For institutional accounts, clients authorize Eagle to determine which broker-dealers to use to effect
transactions for their accounts. Please see the discussion in Item 12, "Brokerage Practices
- Institutional Accounts", regarding the criteria Eagle uses to select broker-dealers.
Aggregation and Allocation Policies
Aggregation
Eagle may determine that the purchase or sale of a particular security is appropriate for more than
one client account and may aggregate client orders into one order (“Block Orders”) for execution
purposes. Block trading can avoid the adverse effect on a security’s price when simultaneous
separate and competing orders placed. When aggregating orders and subsequently allocating
Block Orders (purchases and sales) to individual client accounts, it is Eagle's policy to treat all
clients fairly and to achieve an equitable distribution of aggregated orders.
Allocation
All non-holders of a given security are initially included to receive approximately equal percentage
position sizes in block (aggregated) order allocations prior to purchase orders being placed. All
holders of a given security are initially included in block sale allocations prior to the orders being
placed. Price averaging is used for trades executed in a series of transactions on the same day in
the same objective with the same broker.
Eagle allocates aggregated orders on a pro rata basis. In the event of a partial fill of an aggregated
order, accounts will receive a pro rata allocation if there are enough shares executed for each
account. For example, if Eagle placed an order for 50,000 shares and 25,000 shares were
executed, Eagle would prorate the shares so that each account would get approximately half of
what was entered.
If for the same 50,000 shares order Eagle only executed a de minimis number of shares (for
example, 1,000 shares), Eagle would allocate shares to accounts that had high cash (in the case
of a purchase) or low cash (in the case of a sale).
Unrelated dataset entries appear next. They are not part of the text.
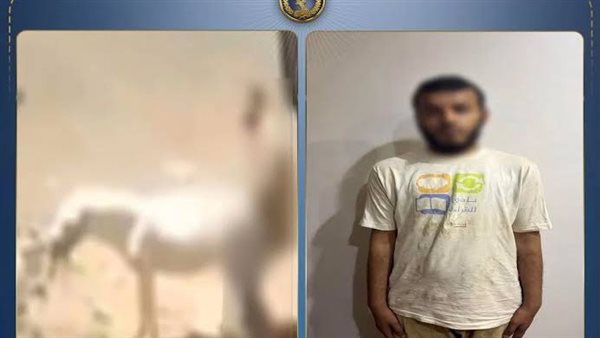 تفاصيل الحكم على المتهم بالتعدي على حمارة القليوبية
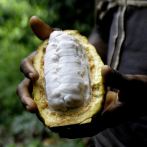 Los productores de cacao temen que el cambio climático reduzca la producción de cultivos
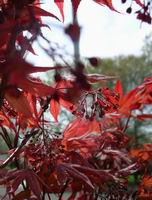 red maple buds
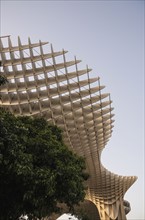 Spain, Seville, Part of Metropol Parasol and trees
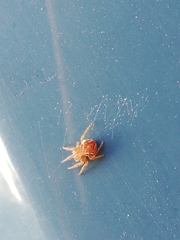 Araneus sturmi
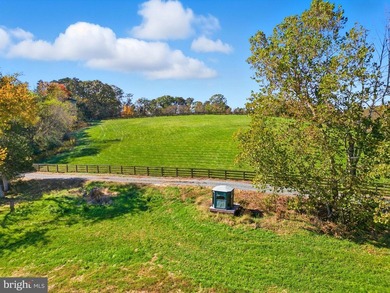 Charlottesville Area Lodge - Guesthouse - Barndominium Winery - photo 23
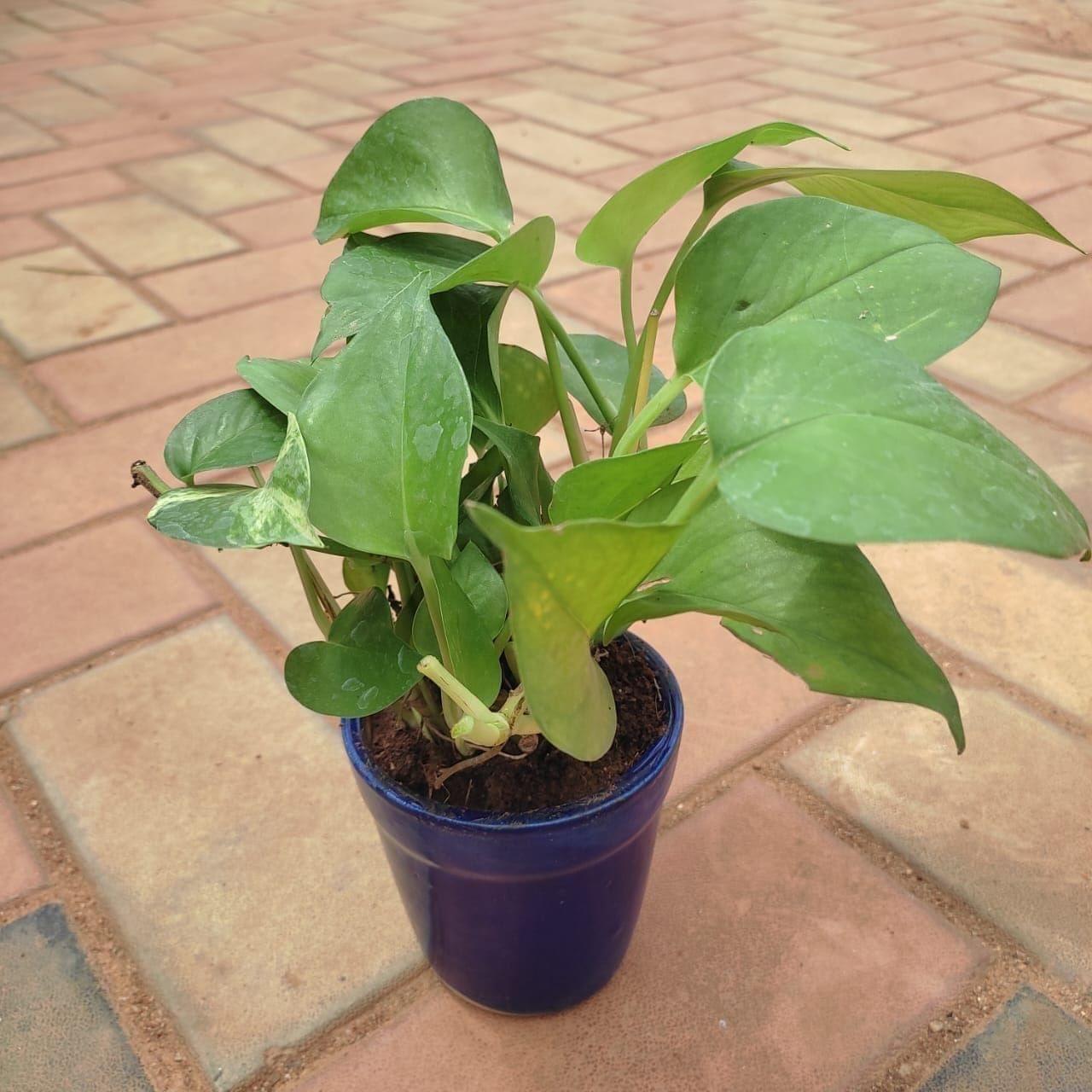 Gift Ready - Money Plant Desi in 4 Inch Classy Glass Ceramic Pot (any colour) With a Chic Bag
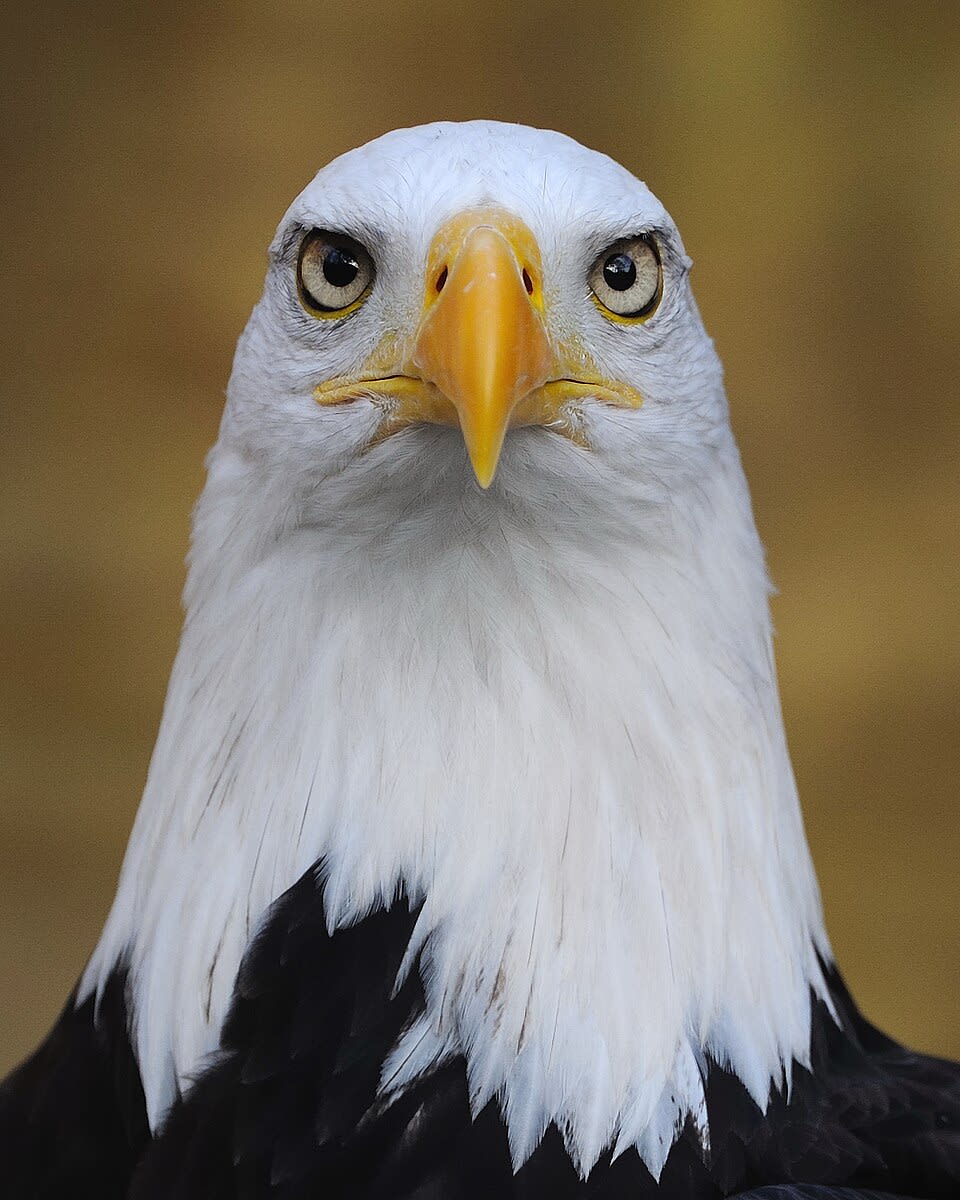 Given below is the picture of an eagle. ICSE 2026 Biology Solved Question Paper.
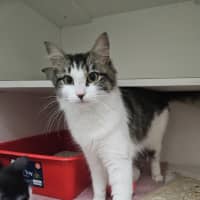 Photo of Nimbos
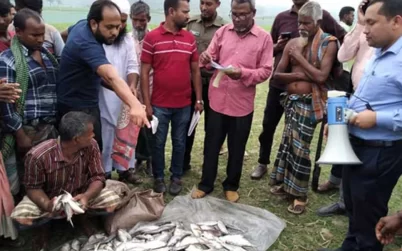 বরিশালে জাটকা পরিবহন করায় ১৫ জনকে জরিমানা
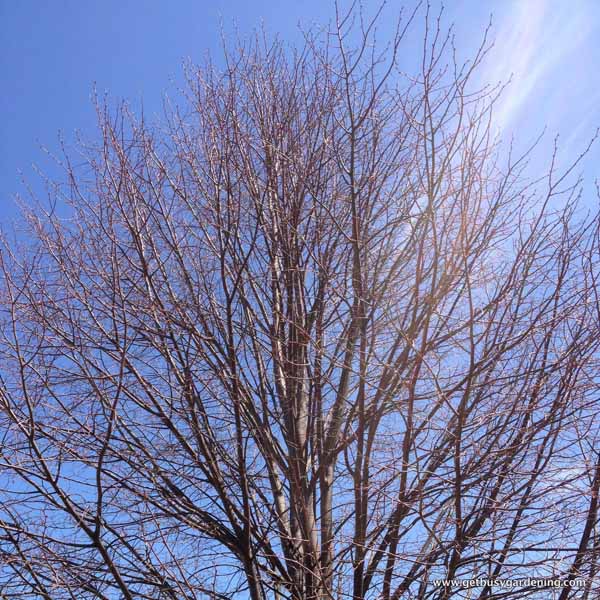 The trees poking into the blue sky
On the following day, Eagle will repeat the order
until all accounts received the appropriate allocation. Other possible criteria for allocating
aggregated orders include the current concentration of holdings of the industry in question in the
account, and, with respect to fixed income accounts, the mix of corporate and/or government
securities in an account and the duration of such securities. Eagle’s institutional accounts may also
participate in aggregated orders allocation, and the same criteria noted above will apply to such
allocations.
Some types of purchase or sale transactions cannot be included in aggregated orders. For
instance, trades resulting from the opening and closing of accounts, or from contributions to or
withdrawals from existing accounts, often must be executed on an individual basis rather than
aggregated with other trades. In such cases, clients may not receive as favorable executions as
they might otherwise receive from aggregated orders.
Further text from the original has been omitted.